Domingo IV del Tiempo Ordinario
31 enero 2021
Mc 1, 21-28
Llegó Jesús a Cafarnaún, y cuando el sábado siguiente fue a la sinagoga a enseñar, se quedaron asombrados de su enseñanza, porque no enseñaba como los letrados, sino con autoridad. Estaba precisamente en la sinagoga un hombre que tenía un espíritu inmundo, y se puso a gritar: “¿Qué quieres de nosotros, Jesús Nazareno? ¿Has venido a acabar con nosotros? Sé quién eres, el Santo de Dios”. Jesús lo increpó: “Cállate y sal de él”. El espíritu inmundo, dando un grito muy fuerte, salió. Todos se preguntaron estupefactos: “¿Qué es esto? Este enseñar con autoridad es nuevo. Hasta los espíritus inmundos les manda y le obedecen”. Su fama se extendió enseguida por todas partes, alcanzando la comarca entera de Galilea.
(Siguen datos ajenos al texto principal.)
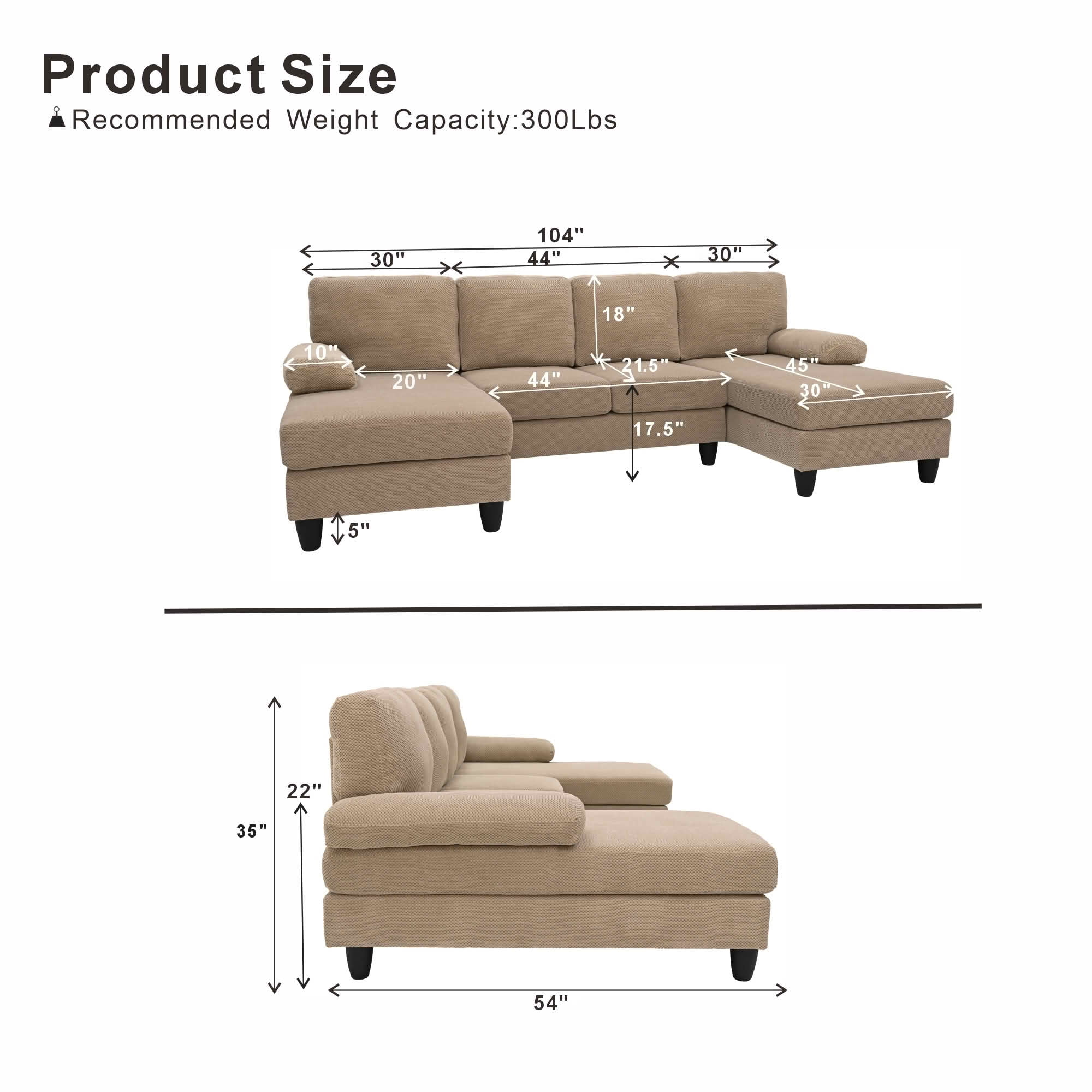MAYEERTY 104" U‑Shaped Sectional Sofa, Nubby Textured Upholstery Couch with Dual Chaise & Plush Upholstered Armrests, Modern Living Room Furniture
AMAR APASIONADAMENTE LA VERDAD
En su evangelio, Marcos recurre a la figura de los «demonios», haciéndoles ocupar un lugar destacado, con dos objetivos: por un lado, para proclamar la identidad de Jesús, que ellos conocen, a diferencia de los humanos que la ignoran; por otro, para mostrar el poder de Jesús sobre ellos.
Más allá de esa figura mítica –en la que algunas culturas personificaron la fuerza del mal–, al evangelista le interesa subrayar la “autoridad” –la fuerza de verdad– que posee la palabra del Maestro de Nazaret.
Los letrados (o doctores) eran personas expertas en el estudio y la explicación de la Torá (la Ley de Moisés). Dedicaban a ello toda su vida y eran famosos por su erudición y sus disputas interpretativas. Pero –dice Marcos– la gente se da cuenta de que Jesús no habla como ellos, sino “con autoridad”.
Las personas eruditas suelen hablar tomando como referencia lo que han oído, estudiado o aprendido. Quien las escucha no puede evitar la sensación de que están hablando “de memoria”, perdiéndose en infinidad de construcciones mentales más o menos ingeniosas, carentes de auténtica novedad y de frescor.
Hablar “con autoridad” significa hablar desde la propia experiencia, a partir de lo que se ha “visto” o experimentado en primera persona. Cuando escuchamos a quien habla así, nuestros corazones vibran, produciendo ecos o resonancias: aquello que estamos oyendo conecta y despierta lo que ya estaba en nosotros, aunque todavía dormido o apagado.
Vivimos en una cultura que ha pecado de academicismo y en una época que parece acostumbrarse demasiado dócilmente a la posverdad, en un intento narcisista de “convertir en verdad” aquello que nos interesa: lo ocurrido recientemente en Estados Unidos, con Trump a la cabeza, me parece una muestra palmaria de lo que vengo diciendo.
En medio de toda esa espesa jungla de palabrería (academicismo) y de “fake news”, echamos de menos palabras que nos lleguen al corazón porque transmiten verdad.
Si las “fake news” constituyen una argucia más del ego para alimentarse y sostener su visión egocentrada y el academicismo refleja el afán de la mente por llevar el control y erigirse en protagonista, la búsqueda honesta se caracteriza por el amor a la verdad.
La persona genuinamente espiritual no busca otra cosa que la verdad. Y no tarda en descubrir que la verdad desnuda absolutamente de todo lo demás: intereses, expectativas, creencias, egocentrismo… Porque la verdad no es un concepto, una creencia, una idea a la que nos hemos acostumbrado. La verdad es lo que queda cuando todo eso cae.
Y es justo en la medida en que permitimos que caiga todo aquello a lo que nos habíamos aferrado, cuando se muestra la verdad desnuda, sin asideros ni refugios. Emerge aquello que queda cuando no ponemos pensamiento, cuando no hay apropiación. Por ese motivo, aquí se impone la pregunta:
Si dejo de lado todo lo que me han enseñado, he leído, he aprendido… sobre la vida y sobre el ser humano, ¿qué puedo decir por mí mismo/a?